Nagging, Escapes, Instructions
30 January 2002
I don't like to nag.
I don't think there are many people who would think, "Oh, I do! I love to nag! It's my favorite thing!" I know that. But often I dislike nagging so much that I will just refuse to do it. I'll do things that I don't think I should have to, just so that I won't have to nag anybody about them. Or I'll come up with ways of nagging that don't feel so much like nagging to me. The white board on the fridge with the lists on it is one of these.
Unfortunately, the apartment people can't see my lists, and the kitchen sink was something that needed taking care of yesterday. And it was taken care of. Sort of. The plumber believed that there would be a leak, and I'm not sure whether there was one or who was coming back to fix it or when, so I stuck a bucket under the pipe that might leak and went on with my kitchen activities, yay!
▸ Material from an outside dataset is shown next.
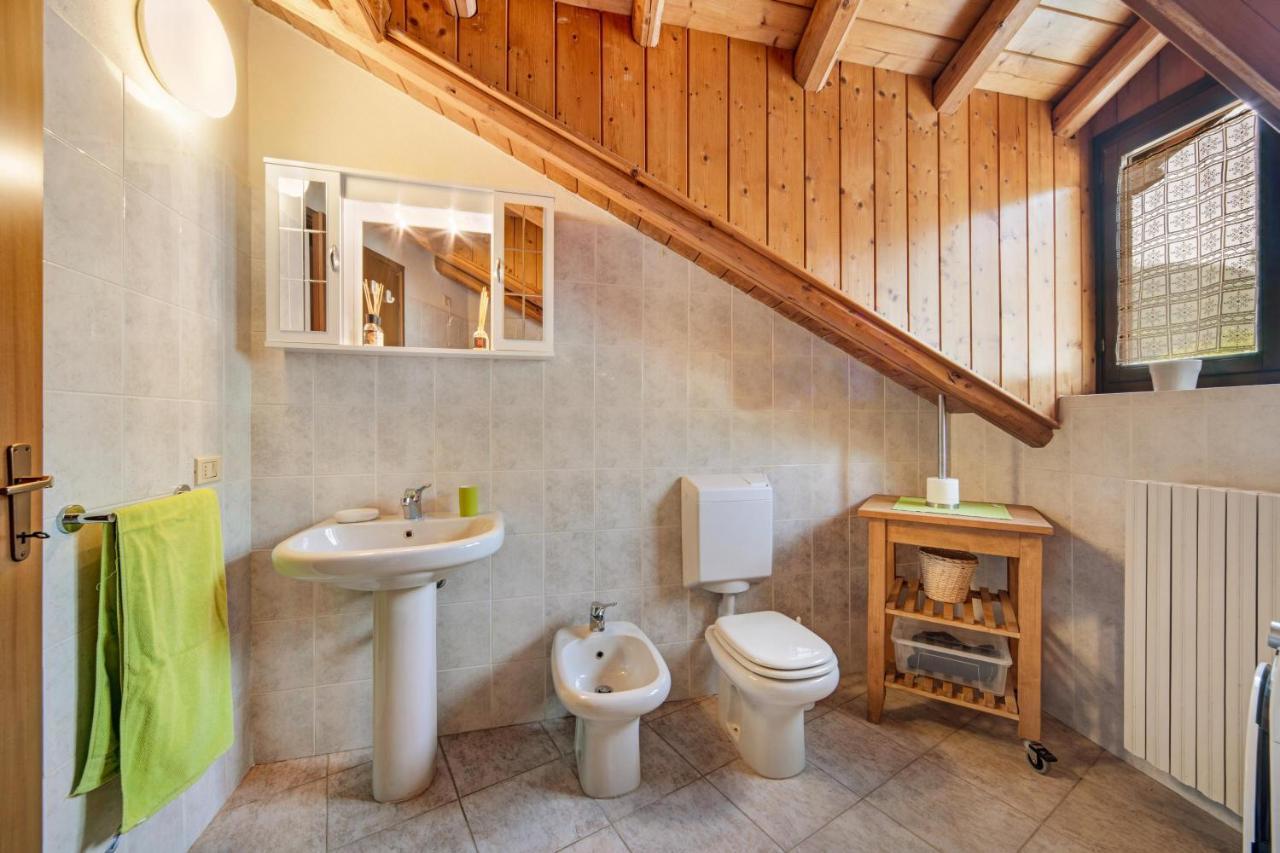Ferienwohnung Mansarda Fra Monte E Lago Esino Lario Exterior foto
Stressful afternoon, though. Shots in the Dark was a very, very angry book. I can understand why the author was angry -- a lot of AIDS vaccine research has been mishandled. But I felt like he was yelling at me throughout. I kept wanting to say, "I didn't do it! It wasn't me!" I did finish it, but I started Michelle West's Hunter's Oath first, just so that I would have a book that wasn't screaming at me. I'm reading it on Mary Anne's recommendation. It's been a long time since I read a high fantasy of precisely this type. I would describe it as entertaining. Not bad, although some of her structural choices give me shudders. Not The Great American Novel, but I didn't really want that, I just wanted to be entertained.
Timprov and I were talking the other day about how we're both really bad escapists, because only a very tiny handful of books provide escapist experiences at all any more. I can't speak for him, but the only way I'm guaranteed some really good escapism these days is to write my own, and to write it without a lot of interruptions so that I can really get into the worlds in my head. And what kind of escapism is it when your every flaw and fear pops up somewhere in disguise?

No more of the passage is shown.